-------- DATA SECTION
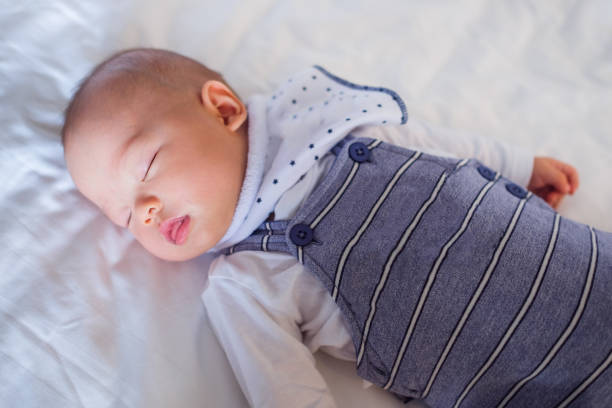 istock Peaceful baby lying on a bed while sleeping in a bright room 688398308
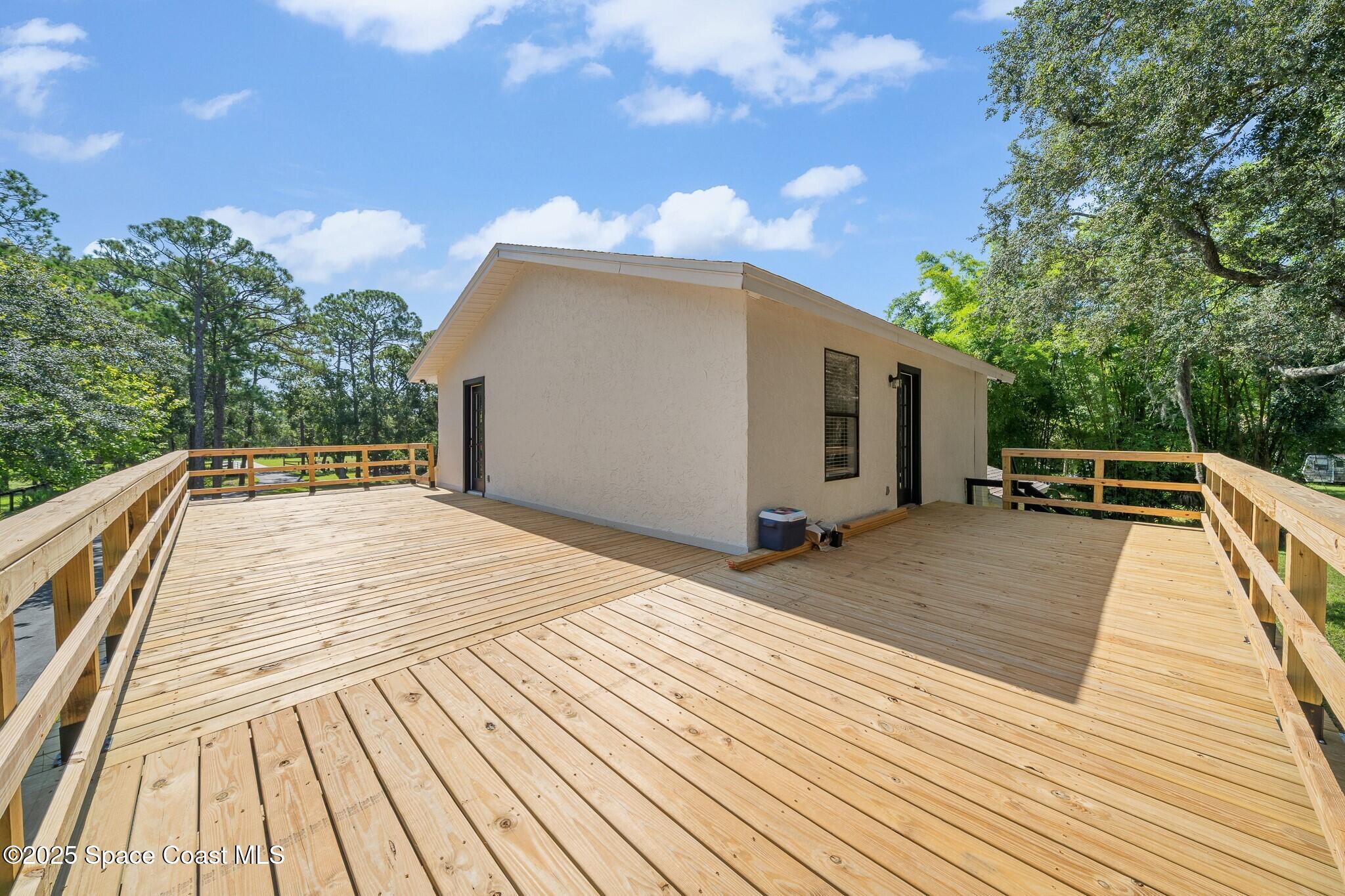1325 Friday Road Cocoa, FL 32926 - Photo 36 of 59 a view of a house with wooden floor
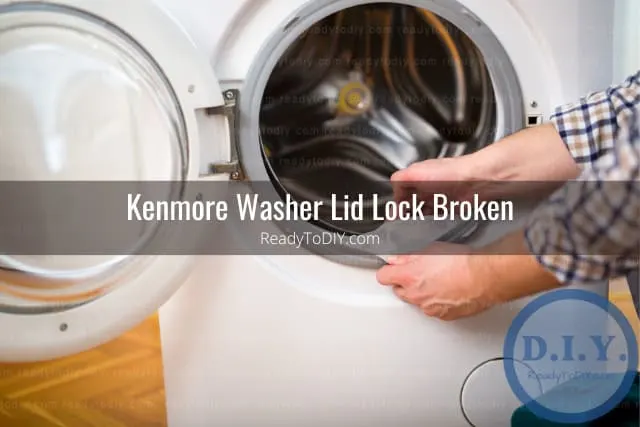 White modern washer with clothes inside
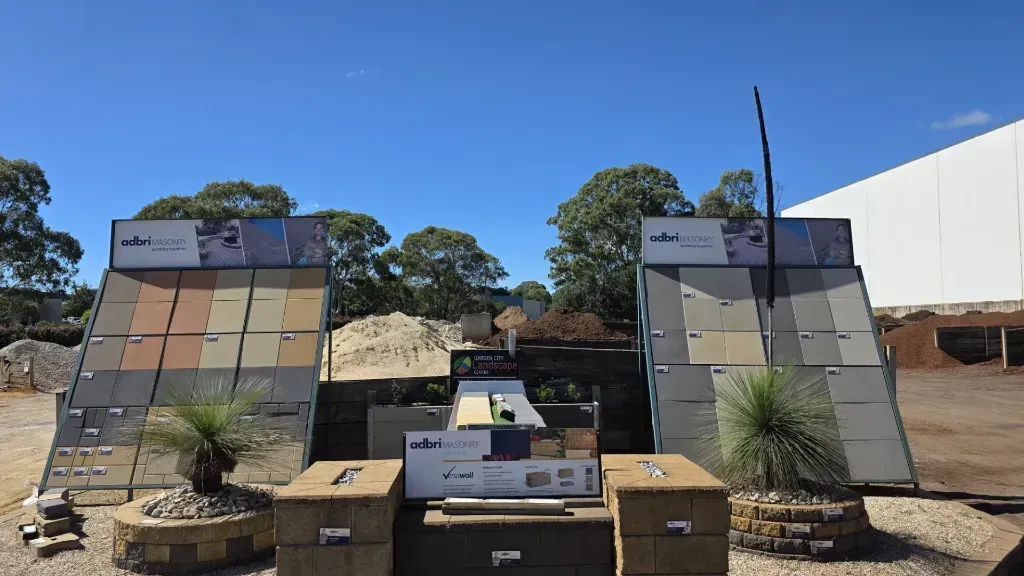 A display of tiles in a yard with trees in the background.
----------------
WHAT TO PRODUCE —
Give back the whole listing exactly, without pictures.

SOLUTION —
 istock Peaceful baby lying on a bed while sleeping in a bright room 688398308
1325 Friday Road Cocoa, FL 32926 - Photo 36 of 59 a view of a house with wooden floor
 White modern washer with clothes inside
 A display of tiles in a yard with trees in the background.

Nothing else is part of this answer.